### [Assignment]
Please give back exactly the line with "1. Habitat: pantai, air laut, dan air tawar" and each line after it through the end of the material, leaving out the pictures.

### [Supplied data]
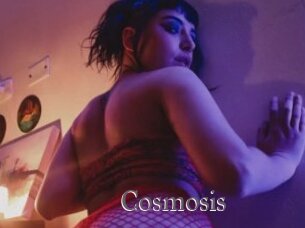 Cosmosis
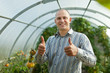 Smiling man in tomatos plant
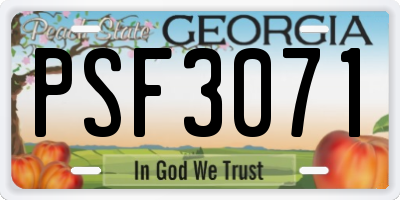 GA license plate PSF3071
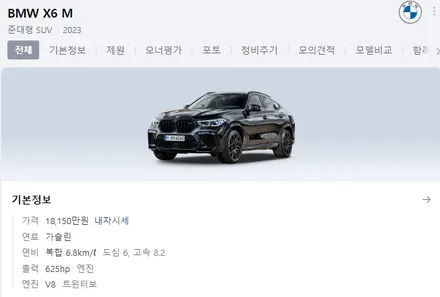 파주랩핑 더블유랩스 BMW X6 전체시공 / 파주시 문발동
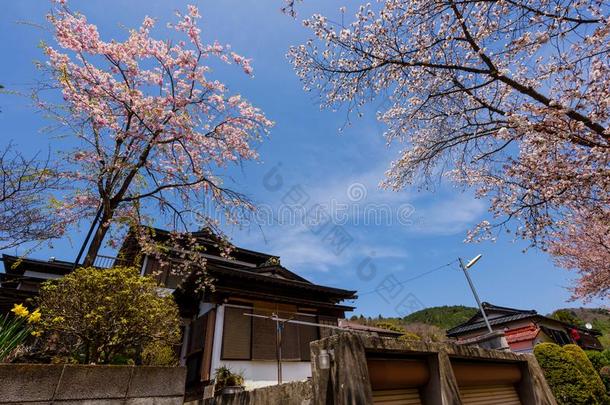 日本人房屋和樱桃花或樱花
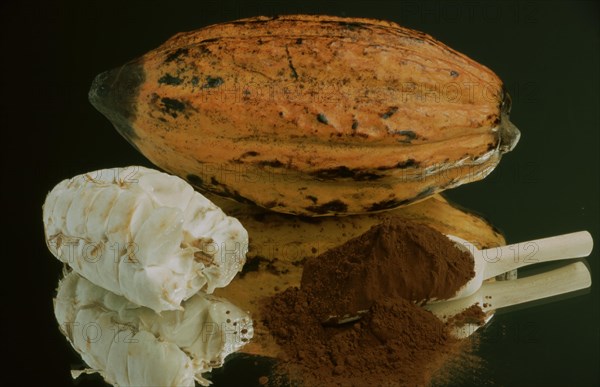 Exotic fruits: ripe cocoa fruit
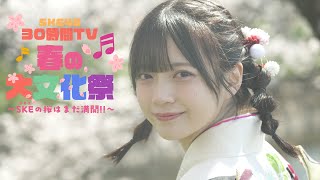 SKE48 坂本真凛 の出演動画「「SKE48 30時間TV 2025 〜春の大文化祭 SKE(サカエ)の桜はまだ満開！！〜」キービジュアル〜坂本真凛〜」のサムネイル画像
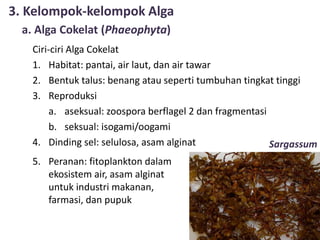 3. Kelompok-kelompok Alga
a. Alga Cokelat (Phaeophyta)
Sargassum
Ciri-ciri Alga Cokelat
1. Habitat: pantai, air laut, dan air tawar
2. Bentuk talus: benang atau seperti tumbuhan tingkat tinggi
3. Reproduksi
a. aseksual: zoospora berflagel 2 dan fragmentasi
b. seksual: isogami/oogami
4. Dinding sel: selulosa, asam alginat
5. Peranan: fitoplankton dalam
ekosistem air, asam alginat
untuk industri makanan,
farmasi, dan pupuk
 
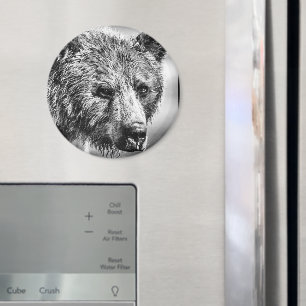 Grizzly björn porträtt magnet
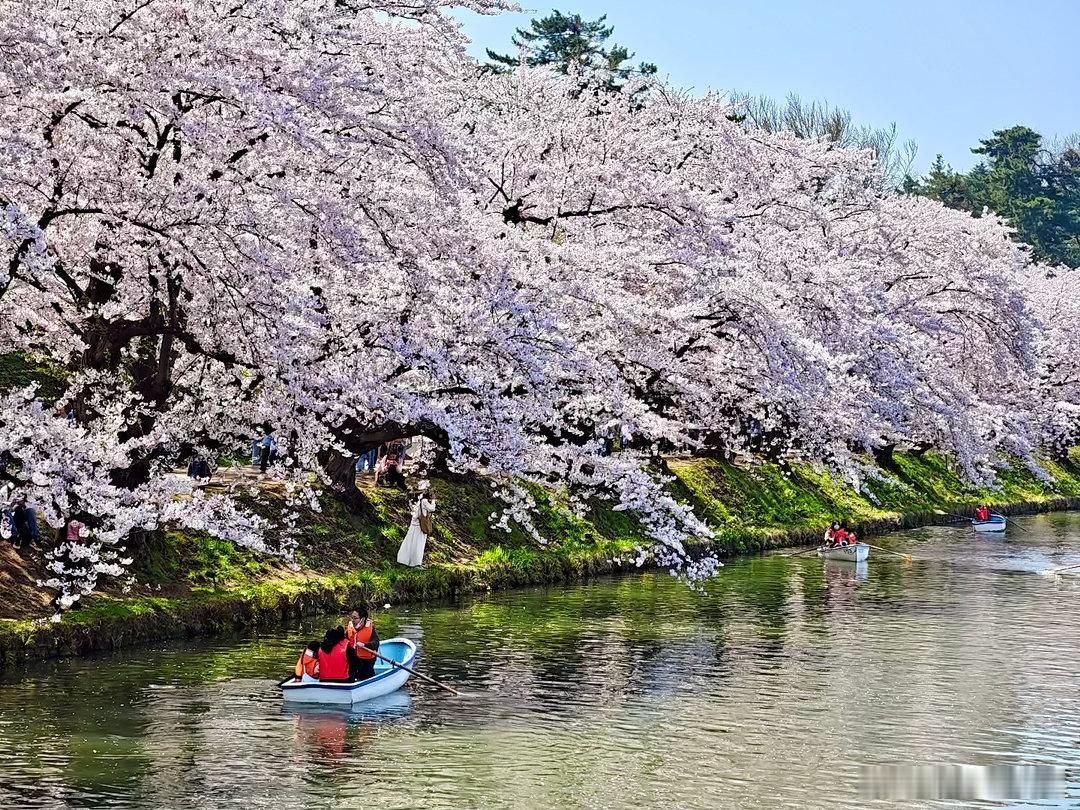 水岸春风动碧波，满枝樱雪映晴和。轻舟一叶花间过，人随花影入婆娑。——题弘前樱花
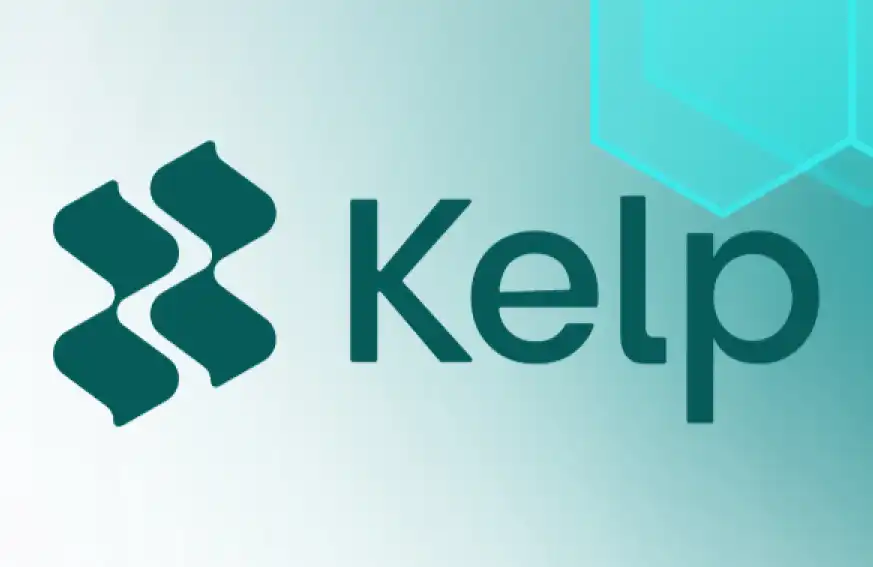 专访Kelp DAO创始人：成为LRT和DeFi互补的流动性层，Kelp野心不止于再质押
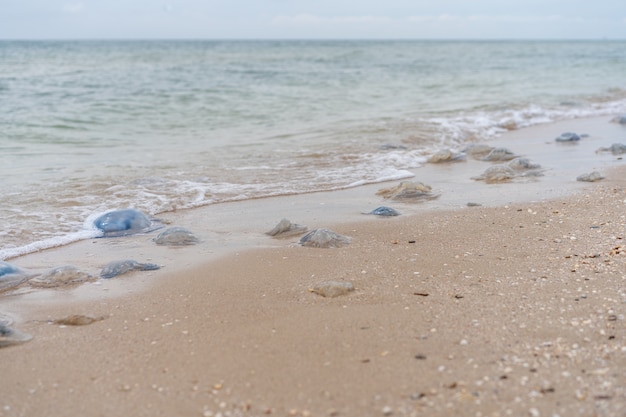 Muchas medusas muertas en la playa de mar Aguas poco profundas Cornerot y medusas Aurelia en la orilla arenosa y en el agua. Calentamiento global catástrofe ecológica del mar de Azov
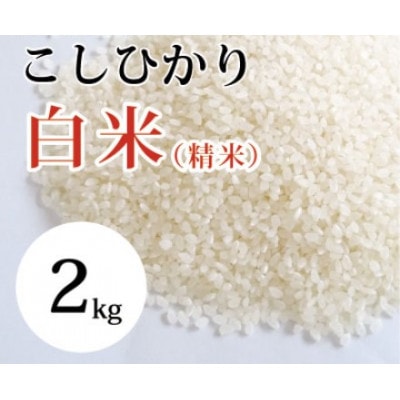 大山町産こしひかり【大山の一粒】(白米) 2kg (令和6年産)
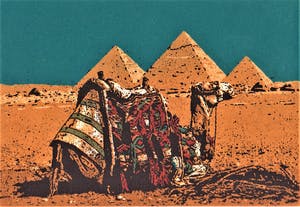 Simon Koene - Zittende kameel bij de piramide van Gizeh (Egypte) kopen? Bied vanaf 25!
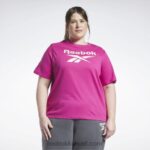 نحيف شبه وردي فخور تي شيرت الهوية (حجم كبير) Reebok 0NZ0F624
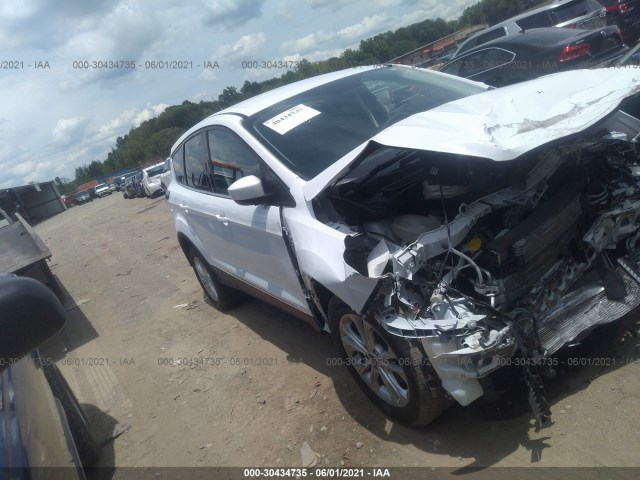 2019 ford escape
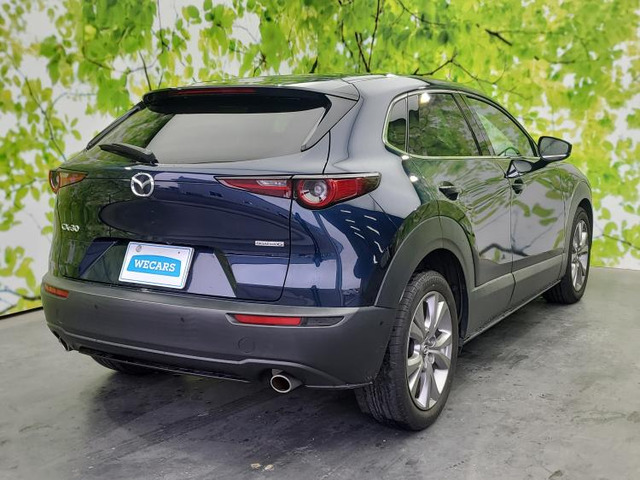 CX-302.0 20S プロアクティブ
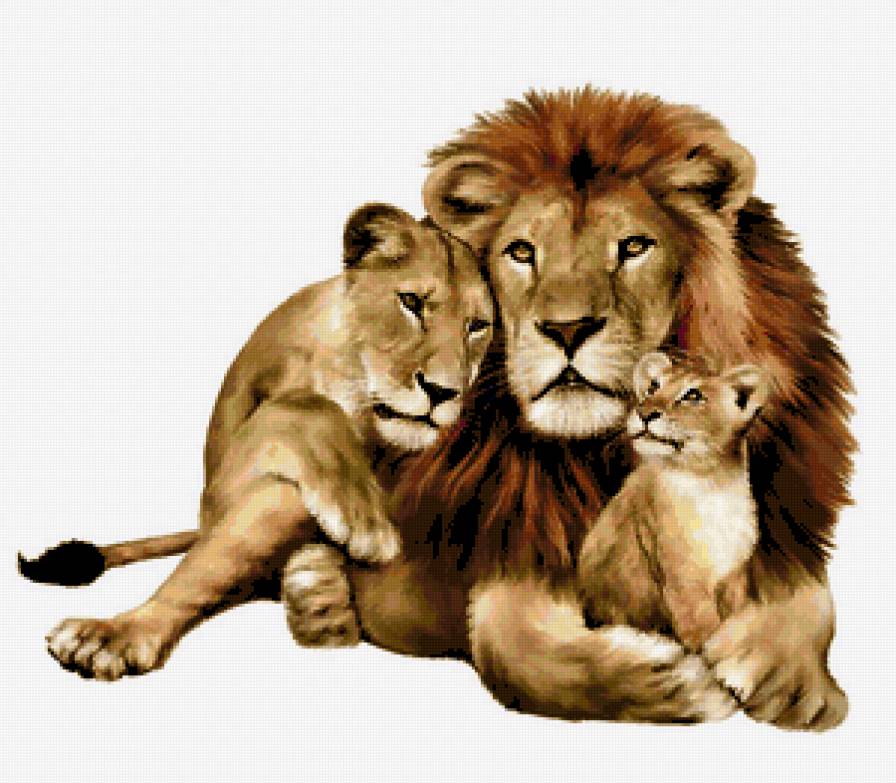 Львиная семья - дикие кошки, зверь, львы, животные, семья, хищник, нежность, лев - предпросмотр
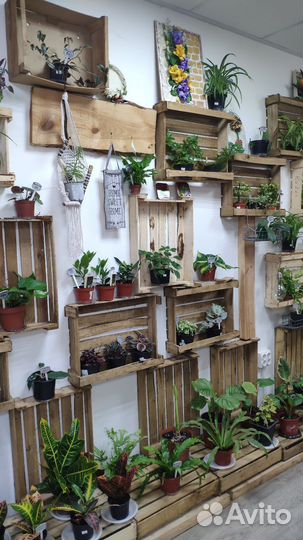 Комнатные растения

### [Answer space]
1. Habitat: pantai, air laut, dan air tawar
2. Bentuk talus: benang atau seperti tumbuhan tingkat tinggi
3. Reproduksi
a. aseksual: zoospora berflagel 2 dan fragmentasi
b. seksual: isogami/oogami
4. Dinding sel: selulosa, asam alginat
5. Peranan: fitoplankton dalam
ekosistem air, asam alginat
untuk industri makanan,
farmasi, dan pupuk
 
 Grizzly björn porträtt magnet
 水岸春风动碧波，满枝樱雪映晴和。轻舟一叶花间过，人随花影入婆娑。——题弘前樱花
 专访Kelp DAO创始人：成为LRT和DeFi互补的流动性层，Kelp野心不止于再质押
 Muchas medusas muertas en la playa de mar Aguas poco profundas Cornerot y medusas Aurelia en la orilla arenosa y en el agua. Calentamiento global catástrofe ecológica del mar de Azov
 大山町産こしひかり【大山の一粒】(白米) 2kg (令和6年産)
 Simon Koene - Zittende kameel bij de piramide van Gizeh (Egypte) kopen? Bied vanaf 25!
 نحيف شبه وردي فخور تي شيرت الهوية (حجم كبير) Reebok 0NZ0F624
 2019 ford escape
 CX-302.0 20S プロアクティブ
 Львиная семья - дикие кошки, зверь, львы, животные, семья, хищник, нежность, лев - предпросмотр
 Комнатные растения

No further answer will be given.